Meaningless

by Jake_the_space_cat



Series: A Creature of Pride (transmasc!Kim AU) [2]
Category: Disco Elysium (Video Game)
Genre: Alternate Universe, Angst, Character Study, Gen, Grief/Mourning, Growing Up, Motorsports, Pre-Canon, Precinct 57, Racing, Role Models, TipTop - Freeform, Trans Character, Trans Kim Kitsuragi, Trans Male Character, young!Kim
Language: English
Status: Completed
Published: 2021-02-27
Updated: 2021-02-27
Packaged: 2021-03-18 22:54:52
Rating: General Audiences
Warnings: No Archive Warnings Apply
Chapters: 1
Words: 1,142
Publisher: archiveofourown.org
Story URL: https://archiveofourown.org/works/29741130
Author URL: https://archiveofourown.org/users/Jake_the_space_cat/pseuds/Jake_the_space_cat
Summary: If you don’t remember where you were when Alfie Deletraz died, you aren’t a real TipTop fan.
Series: A Creature of Pride (transmasc!Kim AU) [2]
Series URL: https://archiveofourown.org/series/2160411
Comments: 2
Kudos: 14





	Meaningless

**Author's Note:**

> Another young!Kim story, where I play fast and loose with timelines and Kim joined the RCM at 15.
> 
> The basic racing events and some of the commentator's dialogue are taken directly from the death of Formula One racer Ayrton Senna. Thanks to the Formula-One-fluent DE fic writers for getting me newbie-informed on Formula One!
> 
> Given that Revachol seems to be culturally in the '90s in-game, Deletraz's death is likely supposed to be very recent, but I've cheated and made it not *quite* as long ago as Senna's death in 1994, but close.
> 
> I tend to write in fragments and bounce around in time and AUs, so I've got [a masterlist of chronology for all of my DE pieces here](https://docs.google.com/spreadsheets/d/12Mfej90pwfLsLANPI3nuLRqnoAc8u3DW1vgy3icTK-w/edit#gid=0).

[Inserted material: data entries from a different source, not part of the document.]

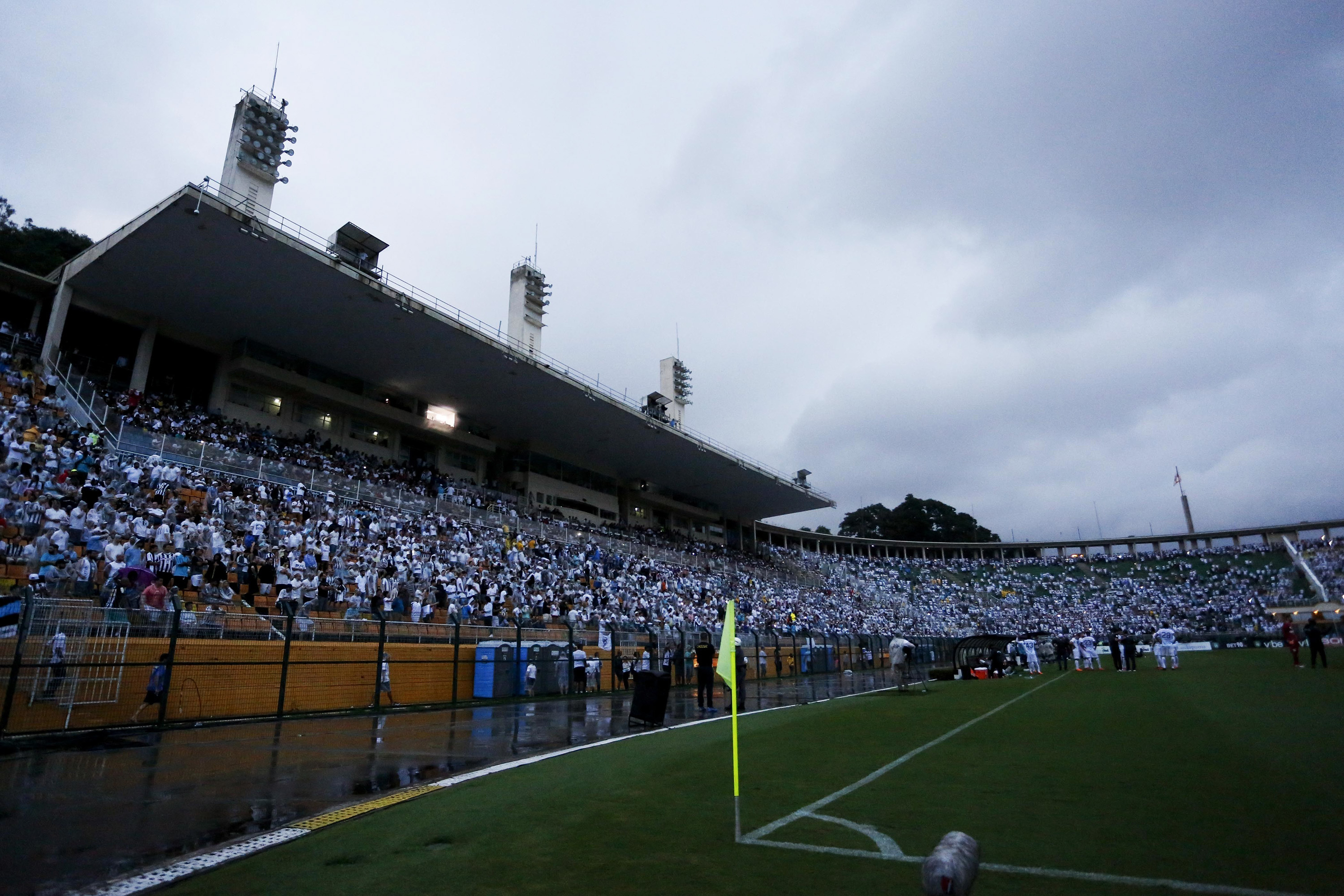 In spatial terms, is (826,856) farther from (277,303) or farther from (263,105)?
(263,105)

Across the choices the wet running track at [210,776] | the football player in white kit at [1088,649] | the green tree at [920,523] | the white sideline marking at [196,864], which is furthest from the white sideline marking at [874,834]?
the green tree at [920,523]

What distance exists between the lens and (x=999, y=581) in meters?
75.9

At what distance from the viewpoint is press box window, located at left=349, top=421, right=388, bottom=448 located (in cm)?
3700

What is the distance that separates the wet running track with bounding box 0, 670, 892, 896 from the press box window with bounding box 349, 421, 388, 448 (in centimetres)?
2594

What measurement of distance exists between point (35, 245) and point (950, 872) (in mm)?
54774

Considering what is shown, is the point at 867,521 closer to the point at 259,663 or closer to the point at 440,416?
the point at 440,416

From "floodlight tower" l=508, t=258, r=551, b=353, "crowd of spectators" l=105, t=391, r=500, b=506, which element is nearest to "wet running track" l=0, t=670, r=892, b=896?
"crowd of spectators" l=105, t=391, r=500, b=506

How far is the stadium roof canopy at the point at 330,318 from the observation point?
24859mm

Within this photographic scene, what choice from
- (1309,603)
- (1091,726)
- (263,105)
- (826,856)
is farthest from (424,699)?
(1309,603)

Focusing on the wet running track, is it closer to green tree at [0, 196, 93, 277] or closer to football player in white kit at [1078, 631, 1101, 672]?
football player in white kit at [1078, 631, 1101, 672]

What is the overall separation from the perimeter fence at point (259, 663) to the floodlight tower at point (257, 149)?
23402 mm

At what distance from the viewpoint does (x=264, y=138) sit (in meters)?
32.1

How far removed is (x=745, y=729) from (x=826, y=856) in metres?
7.36

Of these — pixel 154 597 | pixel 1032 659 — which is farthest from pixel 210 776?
pixel 1032 659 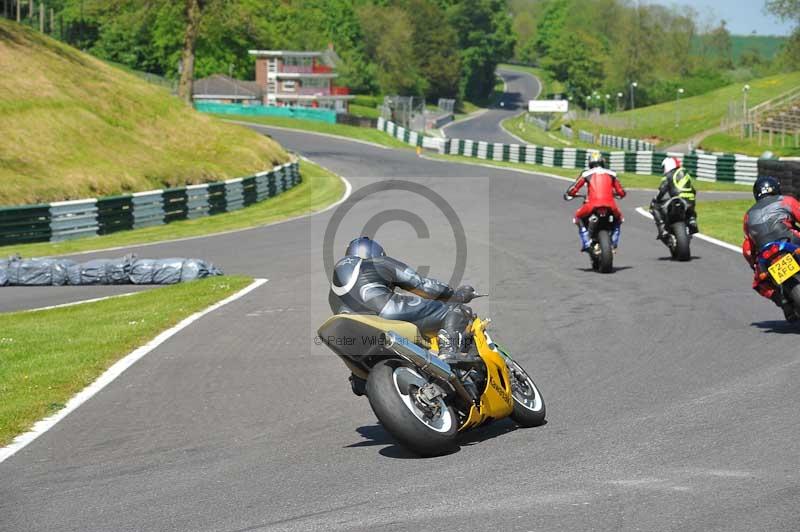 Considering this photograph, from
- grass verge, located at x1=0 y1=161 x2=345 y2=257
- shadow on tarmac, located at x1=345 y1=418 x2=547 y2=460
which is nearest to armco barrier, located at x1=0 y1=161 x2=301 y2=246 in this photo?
grass verge, located at x1=0 y1=161 x2=345 y2=257

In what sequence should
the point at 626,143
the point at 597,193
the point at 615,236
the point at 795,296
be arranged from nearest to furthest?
the point at 795,296 < the point at 597,193 < the point at 615,236 < the point at 626,143

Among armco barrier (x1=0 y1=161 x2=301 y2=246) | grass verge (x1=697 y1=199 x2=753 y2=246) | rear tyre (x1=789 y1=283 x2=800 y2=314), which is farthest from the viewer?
armco barrier (x1=0 y1=161 x2=301 y2=246)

“And Deletraz! F---!” Everyone in the sports bar turns to stare at the radio as the censor bleep pierces the room. Kim Kitsuragi’s 18, just old enough to drink. He *has* a drink, because he’s a paying customer, and only paying customers get to take up space and listen to the neighborhood’s strongest receiver tuned to the Puerto Azul Grand Prix.

He’s not drinking. TipTop is sacred ground. Kim stays absolutely, religiously sober for every one of the Grand Prix races.

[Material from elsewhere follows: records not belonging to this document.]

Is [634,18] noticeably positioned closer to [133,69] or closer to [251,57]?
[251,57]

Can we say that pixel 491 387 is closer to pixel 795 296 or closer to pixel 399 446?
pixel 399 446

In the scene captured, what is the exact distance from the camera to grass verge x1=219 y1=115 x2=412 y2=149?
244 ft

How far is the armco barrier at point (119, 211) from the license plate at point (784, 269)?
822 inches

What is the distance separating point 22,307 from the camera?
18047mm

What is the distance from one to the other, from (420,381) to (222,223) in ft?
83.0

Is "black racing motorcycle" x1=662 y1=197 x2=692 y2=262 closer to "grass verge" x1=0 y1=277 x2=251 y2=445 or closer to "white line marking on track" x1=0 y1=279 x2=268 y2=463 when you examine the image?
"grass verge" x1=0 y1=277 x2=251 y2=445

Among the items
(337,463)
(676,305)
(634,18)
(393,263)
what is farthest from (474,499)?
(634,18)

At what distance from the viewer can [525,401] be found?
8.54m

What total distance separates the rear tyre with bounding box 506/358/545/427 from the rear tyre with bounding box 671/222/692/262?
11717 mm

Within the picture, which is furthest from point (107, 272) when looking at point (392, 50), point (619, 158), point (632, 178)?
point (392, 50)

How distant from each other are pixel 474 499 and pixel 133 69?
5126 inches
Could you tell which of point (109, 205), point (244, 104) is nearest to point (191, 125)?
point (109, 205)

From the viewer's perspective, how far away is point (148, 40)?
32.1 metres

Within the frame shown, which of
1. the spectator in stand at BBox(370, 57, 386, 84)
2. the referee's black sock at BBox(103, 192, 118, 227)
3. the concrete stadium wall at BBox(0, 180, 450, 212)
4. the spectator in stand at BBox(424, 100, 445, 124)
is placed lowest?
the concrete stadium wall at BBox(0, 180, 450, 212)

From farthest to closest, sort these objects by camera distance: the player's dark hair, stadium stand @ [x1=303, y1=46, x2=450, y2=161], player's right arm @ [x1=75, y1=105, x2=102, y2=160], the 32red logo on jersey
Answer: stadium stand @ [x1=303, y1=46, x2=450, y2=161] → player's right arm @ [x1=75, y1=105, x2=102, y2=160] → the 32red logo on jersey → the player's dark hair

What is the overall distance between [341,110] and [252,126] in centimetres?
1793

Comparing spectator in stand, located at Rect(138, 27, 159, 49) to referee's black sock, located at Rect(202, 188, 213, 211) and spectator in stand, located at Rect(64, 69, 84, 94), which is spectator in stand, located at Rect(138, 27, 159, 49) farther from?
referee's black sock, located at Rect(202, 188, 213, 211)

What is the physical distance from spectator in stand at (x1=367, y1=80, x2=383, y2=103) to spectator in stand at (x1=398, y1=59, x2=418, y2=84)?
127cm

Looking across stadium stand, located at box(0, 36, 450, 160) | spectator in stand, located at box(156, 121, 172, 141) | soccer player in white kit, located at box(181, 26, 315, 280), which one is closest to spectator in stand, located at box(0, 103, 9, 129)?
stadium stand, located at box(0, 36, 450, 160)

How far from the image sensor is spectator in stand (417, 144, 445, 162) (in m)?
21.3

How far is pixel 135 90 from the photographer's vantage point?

“What the hell just happened? He’s gone off the track! Deletraz has gone off the track. He’s plunged straight into the retaining wall. I didn’t see him try to turn. That’s almost 190 miles per hour, straight into a concrete wall. And Vanderson and Nobu are coming around the corner, they’re driving right through the debris.”

The bar’s dead. Even the few customers who aren’t there for the race know something’s going on.

“And Irw’s taken the lead. He’s taken the lead from Deletraz. But the important thing right now is--Deletraz is still in the car. There’s no medical attention, I don’t see any medical attention.”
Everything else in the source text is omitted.